Practice generative model vocabulary for synthetic data: GANs for tabular data, VAE latent space, conditional generation, Wasserstein GAN, and statistical similarity testing.
0 / 5 completed
1 / 5
'The GAN generates realistic tabular data.' How does a GAN (Generative Adversarial Network) work?
A GAN consists of two competing neural networks: the generator (creates synthetic data) and the discriminator (tries to tell real from fake). Training is adversarial — the generator improves to fool the discriminator, the discriminator improves to catch fakes. Eventually the generator produces data that closely matches the real distribution. CTGAN and TVAE are popular GAN variants for tabular data.
2 / 5
'The VAE's latent space captures the data distribution.' What is a Variational Autoencoder (VAE)?
A VAE is a generative model with two parts: an encoder that maps input data to a distribution in a lower-dimensional latent space, and a decoder that samples from that distribution to reconstruct or generate new data. The latent space is continuous and structured, making it useful for generating diverse but realistic synthetic samples — including for tabular data.
3 / 5
What does 'conditional generation (generate samples for class X)' mean?
Conditional generation allows you to control what the generative model produces. Instead of sampling from the full data distribution, you condition on a label or attribute (e.g., class=fraud, age_group=18-25) and generate samples that have those specific characteristics. This is especially useful for augmenting minority classes or generating targeted test cases.
4 / 5
'The Wasserstein GAN training is more stable.' What problem does Wasserstein GAN (WGAN) solve?
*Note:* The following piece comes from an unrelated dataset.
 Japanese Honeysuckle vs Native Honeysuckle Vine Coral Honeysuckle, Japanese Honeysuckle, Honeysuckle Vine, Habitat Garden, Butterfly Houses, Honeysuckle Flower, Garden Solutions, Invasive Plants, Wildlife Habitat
Standard GAN training is notoriously unstable — the discriminator can become too good, giving the generator useless gradients (vanishing gradient problem), or the generator collapses to producing only a few samples (mode collapse). WGAN uses the Wasserstein (Earth Mover's) distance as a loss function, which provides a smoother, more informative gradient signal even when the distributions are far apart — leading to more stable training.
5 / 5
'The generated data passes the statistical similarity test.' What does this test verify?
Statistical similarity tests compare the synthetic data to real data across multiple dimensions: marginal distributions of each feature (e.g., Kolmogorov-Smirnov test), pairwise correlations, higher-order statistics, and sometimes downstream ML utility (train on synthetic, test on real). Passing these tests gives confidence that models trained on synthetic data will generalise to real data.